$M_{1} \oplus M_{2}$ is a cyclic $A$-module $\iff \rm{Ann}(M_1)+\rm{Ann}(M_2)=A$

Question

Let $A$ be a commutative ring with an identity element $1$. An element $x$ in an $A$-module $M$ is called cyclic if $Ax=M$. An $A$-module which has a cyclic element is called cyclic $A$-module.

Let $M_{1},M_{2}$ be cyclic $A$-modules and $I_{1},I_{2}$ annihilators of $M_{1},M_{2}$ respectively: $$ I_{k}=\{ a \in A \mid ax=0\ (\forall x \in M_{k}) \} \ \ \ (k=1,2). $$ Prove that a necessary and sufficient condition for the direct sum $M_{1} \oplus M_{2}$ to be a cyclic $A$-module is that $I_{1}+I_{2}=A$.

My attempt:

"$\Longrightarrow$": We know that $$M_{1} \oplus M_{2} \simeq M_1\times M_2 \simeq A/I_1 \times A/I_2 \simeq A/(I_1 \cap I_2).$$ Since $A/(I_1 \cap I_2)$ is a cyclic $A$-module with a cyclic element $1+I_1 \cap I_2$, we must have $M_{1} \oplus M_{2}$ is cyclic. But it seems that condition $I_{1}+I_{2}=A$ is not necessary?
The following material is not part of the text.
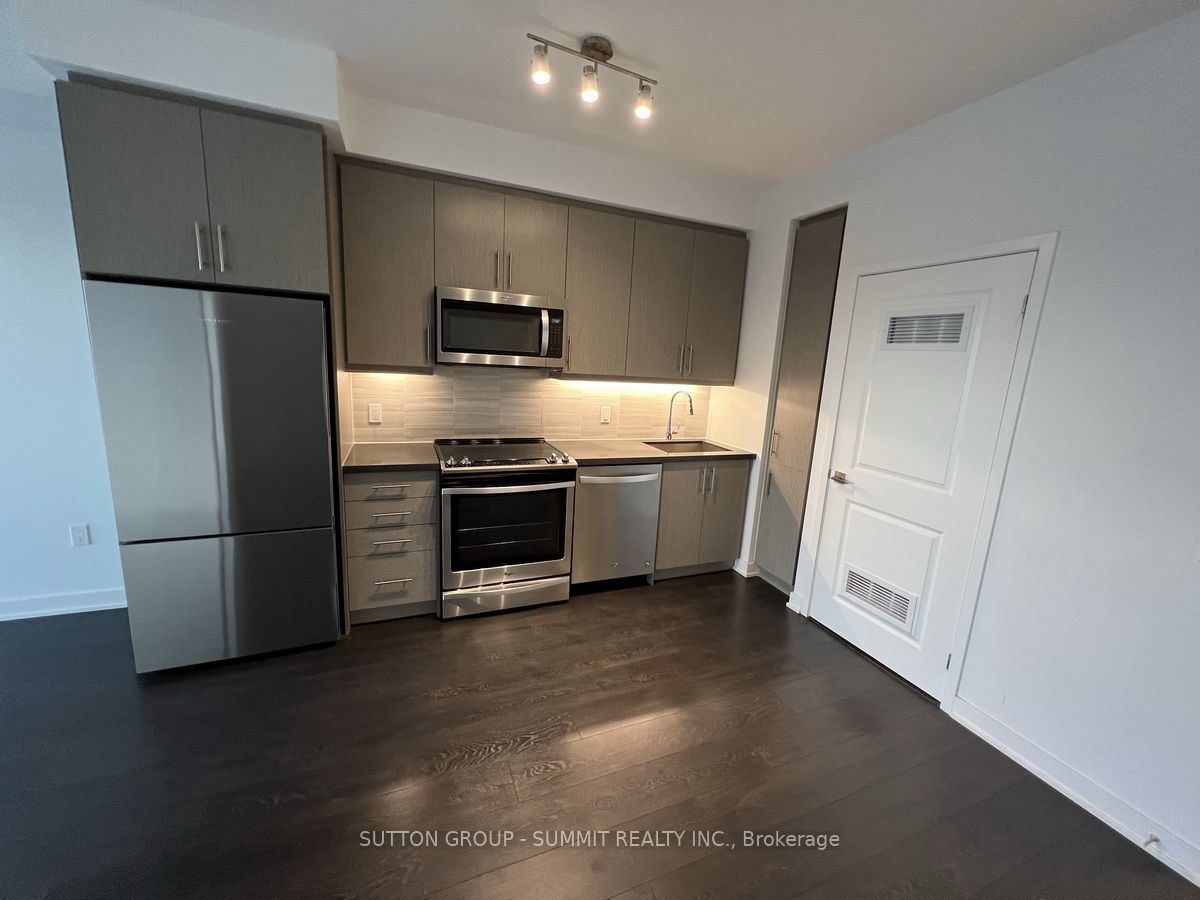 85 ONEIDA Crescent 401, Richmond Hill, ON L4B 0H4 photo 2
"$\Longleftarrow$": Assume that $M_{1} \oplus M_{2}$ is cyclic then $$M_{1} \oplus M_{2} \simeq A/\rm{Ann}(M_1 + M_2) \simeq A/(I_1 \cap I_2).$$ I know that if $M_{1} \oplus M_{2} \simeq A/I_1I_2$ then $I_1 \cap I_2 =I_1I_2$ forcing $I_{1}+I_{2}=A$. But how can I prove that?

Any help would be much appreciated.

Answer 1

Assume $I+J \neq A$. Let $\mathfrak m$ be maximal ideal containing $I+J$.

We get a surjection $A/I \oplus A/J \twoheadrightarrow A/\mathfrak m \oplus A/\mathfrak m$.

If $A/I \oplus A/J$ was cyclic, we can compose this surjection with $A \twoheadrightarrow A/I \oplus A/J$ to get a surjection

$$A \twoheadrightarrow A/\mathfrak m \oplus A/\mathfrak m$$

After tensoring with $A/\mathfrak m =: k$, we get a surjection

$$k \to k^2,$$

which is absurd.

This shows: If $I+J \neq A$, $A/I \oplus A/J$ is not cyclic. Precisely, what you wanted.